DBRS Confirms PNC Financial Services Group, Inc. at A (high); Trend Stable
Banking OrganizationsDBRS, Inc. (DBRS) confirmed the ratings of PNC Financial Services Group, Inc. (PNC or the Company), including the Company’s Long-Term Issuer Rating of A (high) and Short-Term Issuer Rating of R-1 (low). At the same time, DBRS confirmed the ratings of its primary banking subsidiary, PNC Bank, N.A. (the Bank). The trend for all ratings is Stable. The Intrinsic Assessment (IA) for the Bank is AA (low), while its Support Assessment remains SA1. The Company’s Support Assessment is SA3 and its Long-Term Issuer Rating is positioned one notch below the Bank’s IA.
KEY RATING CONSIDERATIONS
DBRS’s confirmation of PNC’s ratings reflects the Company’s strong banking franchise and favorable credit fundamentals, including ample earnings generation capacity, sound asset quality, as well as robust funding, liquidity and capitalization. The ratings also consider the still challenging, albeit improving operating environment, which includes low interest rates and sluggish economic growth.
RATING DRIVERS
DBRS views PNC as well positioned within its rating category. Over the longer term, sustained positive operating leverage combined with the successful build out into new geographies, could result in a positive rating action.
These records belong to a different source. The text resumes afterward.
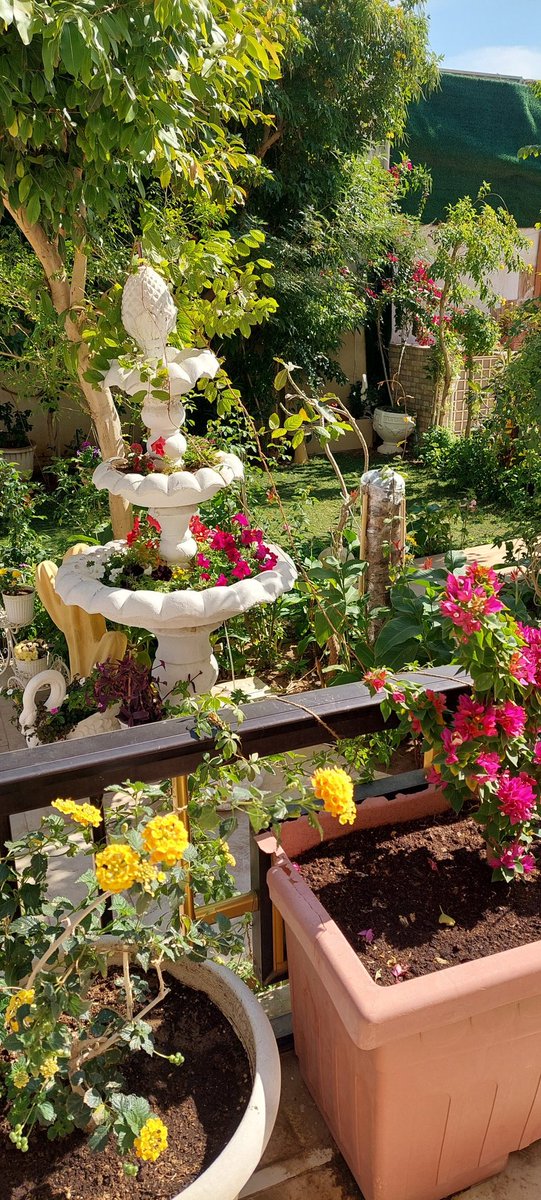 om_mohammad2010's tweet image. #صباح_الاجواء_الحلوه

اللهم ايام مزهرة بكرم عطاءك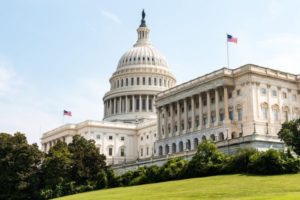 Bankruptcy & The Separation Of Powers – Legislative and Executive Branches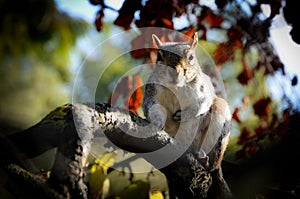 Caroline`s Grey Squirrel on the Watch on a Branch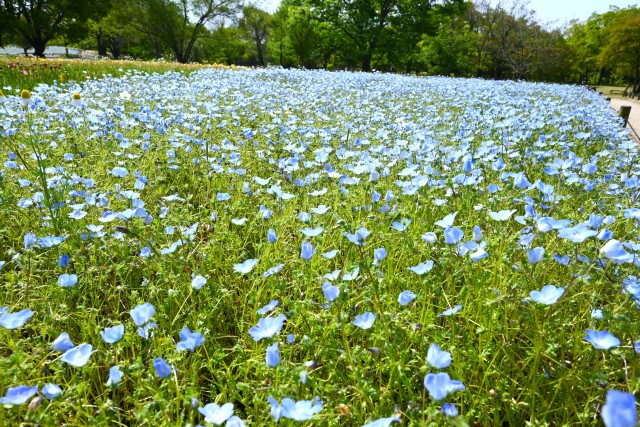 nemophila_hanazono_250501_01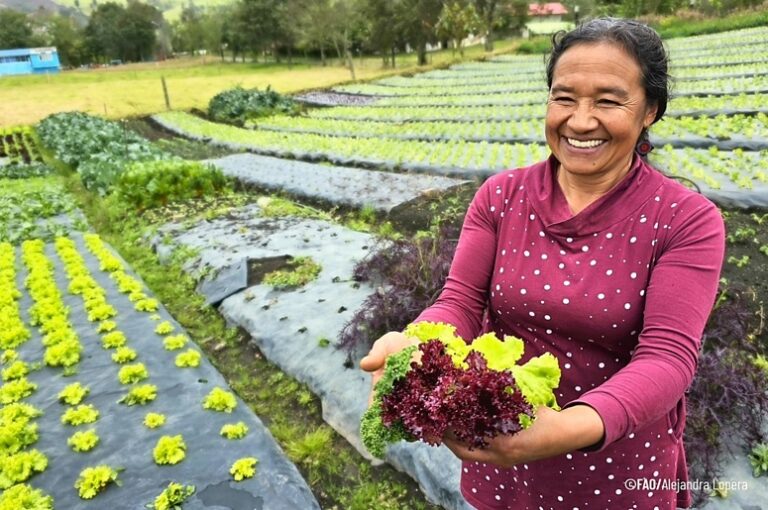 Región Bogotá-Cundinamarca ¿ómo sus compras influyen en el precio de los alimentos 1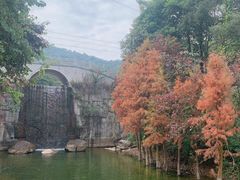 -广州市帽峰山景区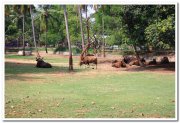Mysore zoo animals 5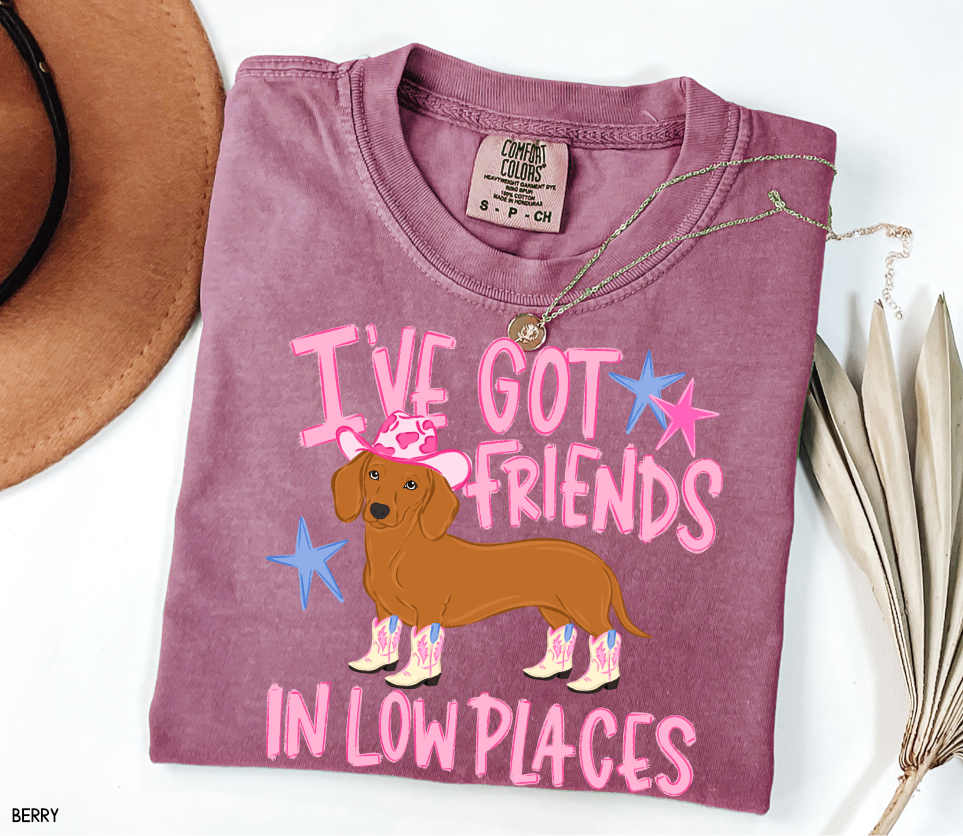 I’ve Got Friends In Low Places Comfort Colors T-Shirt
Conversely, sustained deterioration in core earnings, and/or weakening balance sheet fundamentals could place negative pressure on the ratings.
RATING RATIONALE
PNC is the 6th largest bank in the U.S. by deposits, with top five deposit market share positions in nine states and D.C., including a dominant 23% market share in Pennsylvania. The Company provides a broad set of products and services to customers on a national basis, as well as in its primary geographic markets, comprising corporate, institutional, retail and residential mortgage banking, as well as asset management, which includes a significant investment in BlackRock, Inc. Notably, this diversified business mix generates a considerable amount of fee income (typically around 40-45% of total revenue), providing stability to earnings.
Excluding the impact from tax reform and significant non-core items, the Company generated $4.5 billion of net income in 2017 (up 12% versus 2016), which represented a return on average assets (ROA) of 1.20% (up from 1.10% in 2016). For the year, total revenues were up 8%, benefiting from higher interest rates, solid loan growth (up 5% from YE16) and record fee income. Loan growth was led by broad-based growth across corporate banking business, as well as residential mortgages. Meanwhile, strong results from Asset Management, which includes PNC’s BlackRock investment, and Corporate Services were the main drivers of the record annual fee income.
Noninterest expenses, excluding significant non-core items, increased 4% in 2017, reflecting higher compensation related to increased business activity, as well as ongoing investments in technology and business infrastructure. DBRS views continued investments in the franchise positively, given its perception that banks’ technological capabilities will be a significant differentiator for success over the long term.
More recently, PNC reported $1.2 billion of net income in 1Q18, representing a ROA of 1.34%. Results benefited from higher interest rates, a lower tax rate, solid loan growth, net interest margin expansion and strong fee income. Importantly, PNC’s balance sheet fundamentals remain strong, providing key support to the ratings. Specifically, the Company’s asset quality trends remain favorable, including relatively stable metrics over the past year. Additionally, PNC’s funding and liquidity profile remains robust underpinned by its deeply entrenched deposit franchise. Finally, capitalization remains solid, with an estimated Basel III common equity tier 1 ratio of 9.6% at the end of 1Q18.
Headquartered in Pittsburgh, PNC Financial Services Group, Inc. reported total assets of $379 billion and total deposits of $265 billion as of March 31, 2018.
The Grid Summary Scores for PNC are as follows: Franchise Strength – Strong; Earnings Power – Strong; Risk Profile –Strong; Funding & Liquidity – Strong; Capitalisation – Strong.
Notes:
All figures are in U.S. dollars unless otherwise noted.
The applicable methodology is the Global Methodology for Rating Banks and Banking Organisations (May 2017), which can be found on our website under Methodologies.
The primary sources of information used for this rating include company documents and SNL Financial. DBRS considers the information available to it for the purposes of providing this rating was of satisfactory quality.
Lead Analyst: Michael McTamney, CFA, Vice President – Global FIG
Rating Committee Chair: Michael Driscoll, Managing Director, Head of NA FIG – Global FIG
Initial Rating Date: 6 April 2006
Most Recent Rating Update: 2 August 2017
The rated entity or its related entities did participate in the rating process. DBRS did not have access to the accounts and other relevant internal documents of the rated entity or its related entities in connection with this rating action.